The debate about whether the last bastion of Stalinism in Asia, North Korea, is gearing up for reform intensified last week after leader Kim Jong-un called for radical economic renewal and an end to conflict with the South.
“Let us bring about a radical turn in the building of an economic giant with the same spirit and mettle as were displayed in conquering space,” he said, in what was the first new year speech from Pyongyang’s insular leadership in nearly two decades.
The message from Kim, broadcast on state television, did not give any specifics on how he planned to boost the moribund economy, but he did make a link between scientific advance and economic reform.
There are plans for computers in every school and digital electronics in every workplace.
“The industrial revolution in the new century is, in essence, a scientific and technological revolution, and breaking through the cutting-edge is a short cut to the building of an economic giant,” he said, in a speech delivered from behind a massive podium emblazoned with the Korean Workers’ Party motif of a hammer and sickle with a brush in the middle.
Then came the news that Google’s executive chairman Eric Schmidt is preparing to travel to North Korea on a private, humanitarian mission led by former New Mexico governor Bill Richardson.
The number of people with internet access in North Korea is very low, restricted to a percentage of the ruling elite, and what access there is is extremely restricted. Last January saw the announcement of the Ten Year State Strategy Plan for Economic Development, and 2012 was forecast to be the first year of North Korea’s “kangsong taeguk”, or “strong and prosperous nation”.
In recent years, there have been a number of experimental economic zones set up near the Chinese border, such as Rason, and there have been several joint ventures between state-owned and South Korean firms.

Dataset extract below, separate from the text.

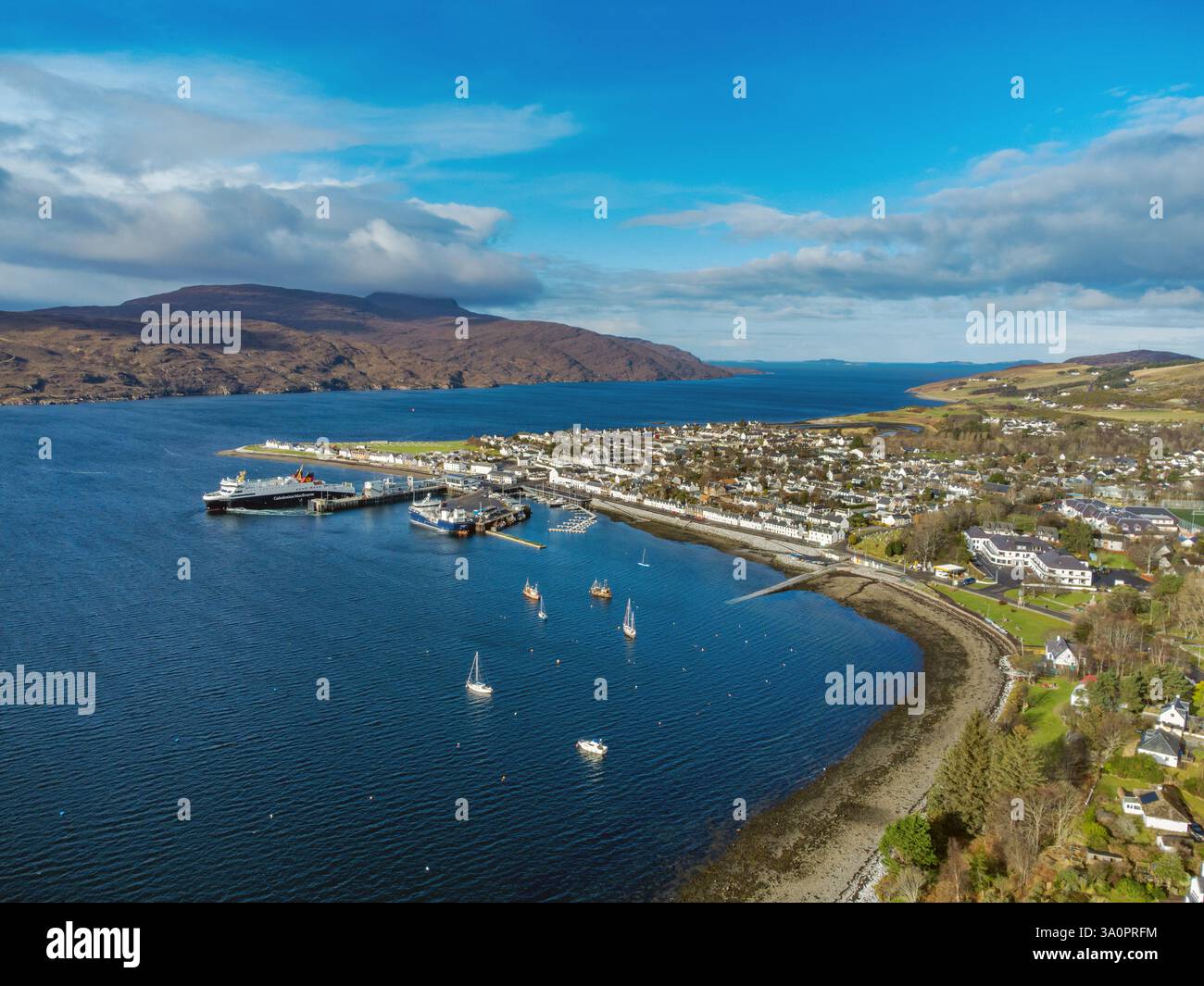 Porto e villaggio di Ullapool in Scozia e Loch Broom visto dall'alto. Un traghetto Caledonian MacBrayne può essere visto lasciare il porto Foto Stock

There have been indications during last year that the collective farming model, which regularly stops short of feeding the country’s 24 million people, was being reformed. Instead of handing over their entire produce to the state, local Cooperative Farm People’s Committees are reportedly allowing farmers to hang on to a surplus of about 30 per cent of their harvest.
North Korea used to have a bigger economy that the South in the 1970s, but the withdrawal of Soviet assistance in the 1980s led to it moving backwards.
In 2011, North Korea’s national income per capita was about €916 while South Korea’s was €17,912, according to the data from the Bank of Korea in Seoul.